The innovative procedures were performed at the Fryderyk Chopin University Clinical Hospital in Rzeszów at the end of June. These were partial nephrectomy procedures, the removal of a kidney tumor, performed with the help of the da Vinci robot. Behind the console sat Dr. Jakub Kempisty, a urologist, certified surgeon, and robotic surgery trainer.

Doctors previously performed a detailed diagnosis of the patients. Using computed tomography, they took a series of images, which were converted into a 3D image. During the surgery, a 3D model of the kidney was superimposed on the image of the patient's organs, allowing Dr. Kempisty to continuously monitor his chosen surgical strategy.

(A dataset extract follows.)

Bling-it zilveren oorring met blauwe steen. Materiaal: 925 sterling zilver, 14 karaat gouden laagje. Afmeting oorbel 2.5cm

"The artificial intelligence algorithm, combined with the 3D image, analyzed what we were doing during the surgery and followed us, showing us in real time where the tumor and vessels were located. The kidney is hidden under layers of fat and fascia, so it's not immediately visible upon entering the abdominal cavity. The 3D model indicated its exact location and the location of key blood vessels. It was a map that could tell us which direction to move to find what we were looking for," Dr. Kempisty explained in an interview with PAP.

The 3D visualization system, based on artificial intelligence algorithms, was developed in Belgium by Marco Mezzina, an engineer at Orsi Academy and a PhD candidate at the Catholic University of Leuven. Orsi is one of the largest and most prestigious training centers for robotic surgery in the world.

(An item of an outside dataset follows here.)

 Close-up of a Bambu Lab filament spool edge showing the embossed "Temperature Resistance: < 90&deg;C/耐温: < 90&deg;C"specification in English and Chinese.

Augmented reality in surgery allows for the creation of a patient-specific 3D map of vessels, tumors, and other landmarks directly onto the endoscopic scene, giving the surgeon a "transparent" view of structures beneath the surface, explained Marco Mezzina, who oversaw the system's clinical trials during the surgery.

"In oncology procedures such as partial nephrectomy, this allows for guidance of the resection plane, shortening ischemia time, and helping to preserve healthy tissue. However, clinical adoption has lagged, primarily because virtual models are difficult to align with soft tissue that shifts during surgery, and because the overlay can obscure instruments the surgeon needs to see," he added.

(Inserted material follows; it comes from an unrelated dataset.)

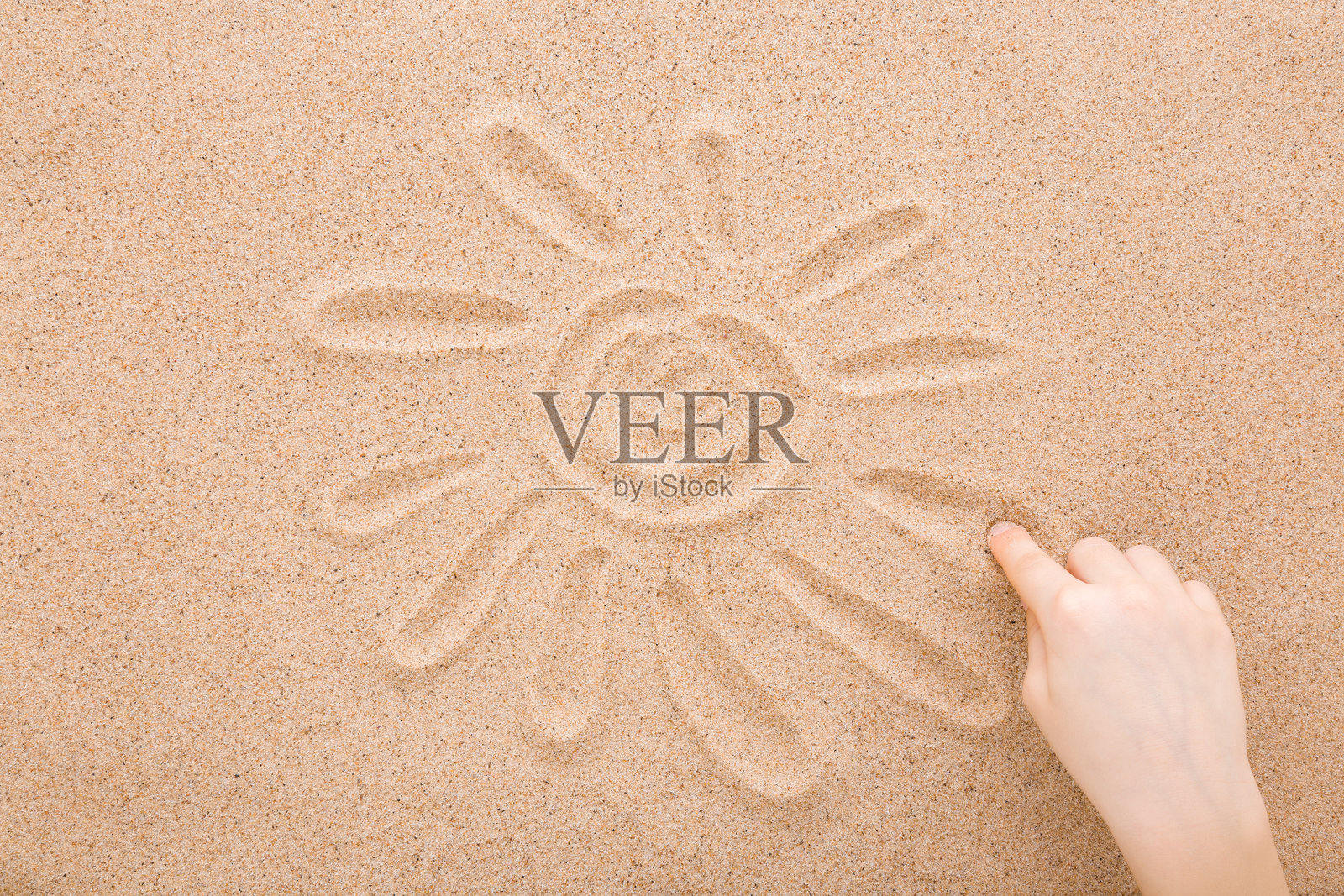 特写镜头,孩子的手指在干燥的浅棕色海沙上画太阳和光芒。夏季概念。俯视角度。照片摄影图片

The kidney tumor removal surgeries were observed by engineers from the Rzeszów University of Technology, who are now considering how to improve the system.

"We can collaborate on expanding the AI ​​model with a speech recognition module, something like Chata GPT. During surgery, the doctor has his hands full, but can issue voice commands. He could also control the 3D model, position it, temporarily zoom out, or receive a warning when approaching blood vessels. All this to make using additional tools simple and intuitive," said Dr. Stefan Stagraczyński, assistant professor at the Department of Physics and Medical Engineering at the Rzeszów University of Technology.

This is just one scenario for the collaboration between engineers from the Polish Medical University and Belgium. The university hospital is already planning further surgeries using the latest IT software systems.

– Such operations are not only a major technological step, but also practical proof that our center can be a place for testing and implementing solutions that change treatment standards – added Marcin Rusiniak, director of the University Clinical Hospital.